The Resource Family Approval (“RFA”) program is a new state-wide foster caregiver approval process for all caregivers (related and non-related).
The RFA program has a single approval standard that replaces the existing multiple processes for licensing foster family homes, approving relatives and non-relative extended family members (“NREFMs”) as foster care providers, and approving families for legal guardianship or adoption. Tribally approved homes are not required to adhere to the RFA standards. Currently, fourteen counties in California have launched this new program. Beginning in January 2017, the RFA program will be implemented statewide.

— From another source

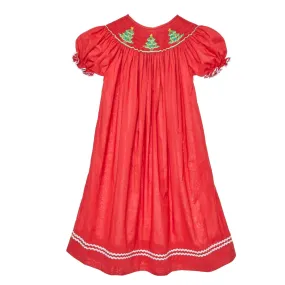 Red Smocked Christmas Tree Dress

RFA creates a framework for all families, including relative and NREFM caregivers, called "Resource Families" to receive the same information, training and opportunities for support. A resource family completes one approval process, and once approved, may choose to provide care on a short- or long-term basis. Once caregivers are approved resource families, they will not have to undergo any additional approval or licensure if they choose to adopt or be appointed a guardian for a child in foster care. Approval of a resource family, however, does not guarantee placement of a child with that resource family. The child’s social worker will continue to make placement decisions based on what is in the best interest of the child.
CDSS has authority to temporarily administer the RFA Program through “Written Directives.” The CDSS has issued Written Directives and forms for implementing the RFA Program to ensure consistent standards among all counties and approving agencies. The latest version of the Written Directives can be found on the CDSS RFA Program Website. CDSS has been updating the Written Directives every few months, so be sure you review the most current version.

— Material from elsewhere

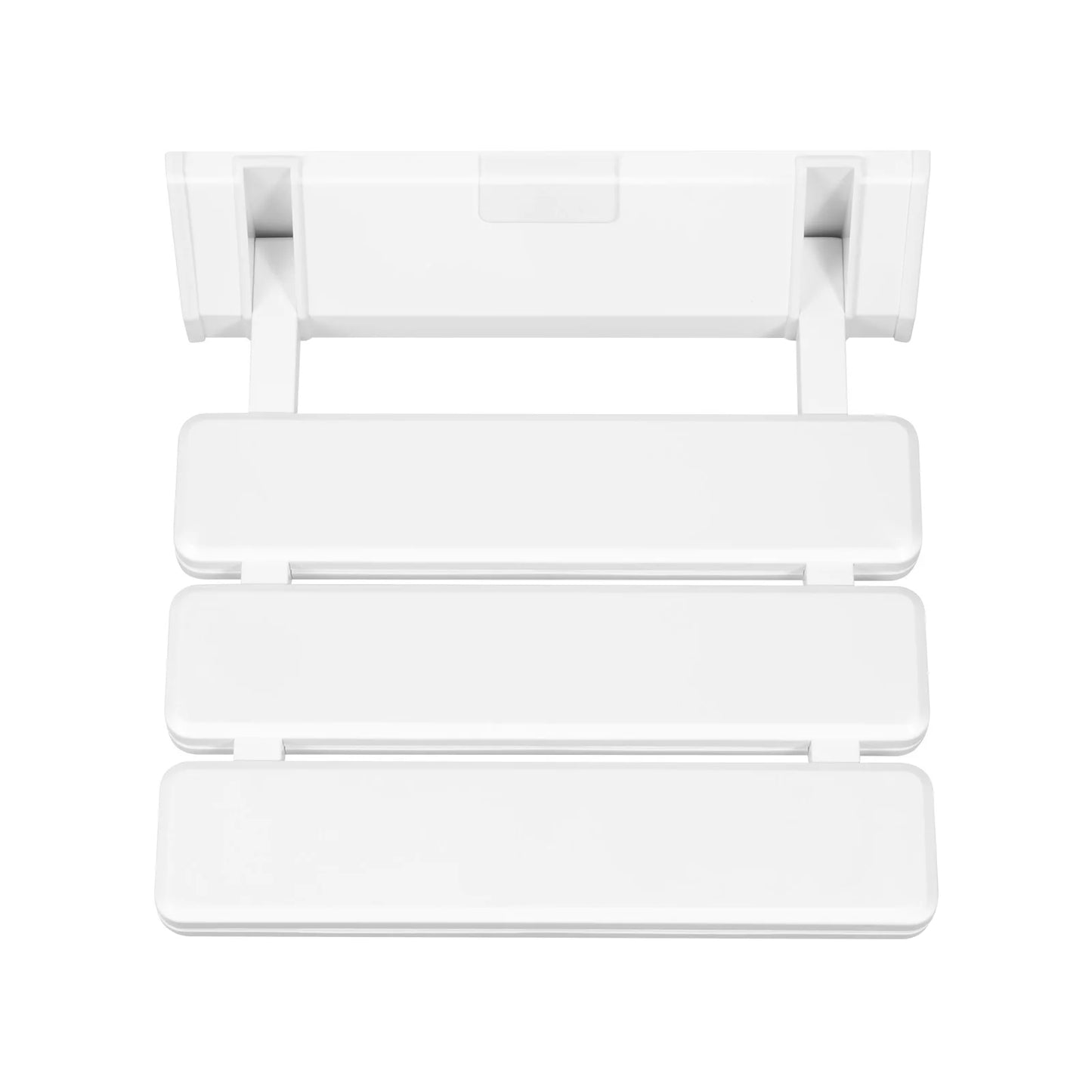 Folding Shower Seat Wall Mounted, Up to 130kg/286.6lbs, Secure Ergonomic Foldable Shower Bench, Space Saving Fold Down, White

State law requires that all currently licensed foster family homes, approved relative caregivers, or NREFMs must convert to the RFA program no later than December 31, 2019. If the caregiver does not obtain resource family approval by December 31, 2019, all licenses and prior approvals shall forfeit on that date. Additionally, legal guardians of children still under the jurisdiction of the juvenile dependency court will need to convert to resource family status. Legal guardians of children whose court dependency status has been dismissed do not need to convert.
Families who have an approved adoption home study prior to January 1, 2018 will be deemed to be an approved resource family. All licensed foster family homes that do not have a child in placement at any time between January 1, 2017 and December 31, 2017, shall forfeit their license by operation of law on January 1, 2018. If the family wishes to again provide foster care, the will need to apply to be a resource family.
Emergency Placement with Relative or Nonrelative Extended Family Member (NREFM)
In an emergency situation, a child or a non-minor dependent can be placed with a relative or NREFM prior to the completion of a permanency assessment if the following requirements are met:
• A successfully completed home environment assessment
• A criminal records check and Child Abuse Central Index clearance
• Initiating the RFA process within 5 business days including live scan completed within 10 days of placement and all remaining components of the RFA process competed within 90 days of placement
• If there is a compelling reason, see below for more information.
The County shall complete a Comprehensive Assessment of an applicant and prepare a Written Report within 90 calendar days of the date a child or nonminor dependent was temporarily placed with the relative or NREFM, unless "good cause" exists.
Placement Based on Compelling Reason
A County may temporarily place a child with "an applicant" prior to Resource Family Approval based on a compelling reason. NOTE: Advokids reads the use of the word "applicant" in the Written Directives as caregivers, even those who are not NREFM or relatives. See page 41 of the February 6, 2017 Written Directives.
A compelling reason may include, but is not limited to:
- The unique needs of a child or nonminor dependent.
- The best interest of a child or nonminor dependent to maintain his or her family or family-like connections with an applicant.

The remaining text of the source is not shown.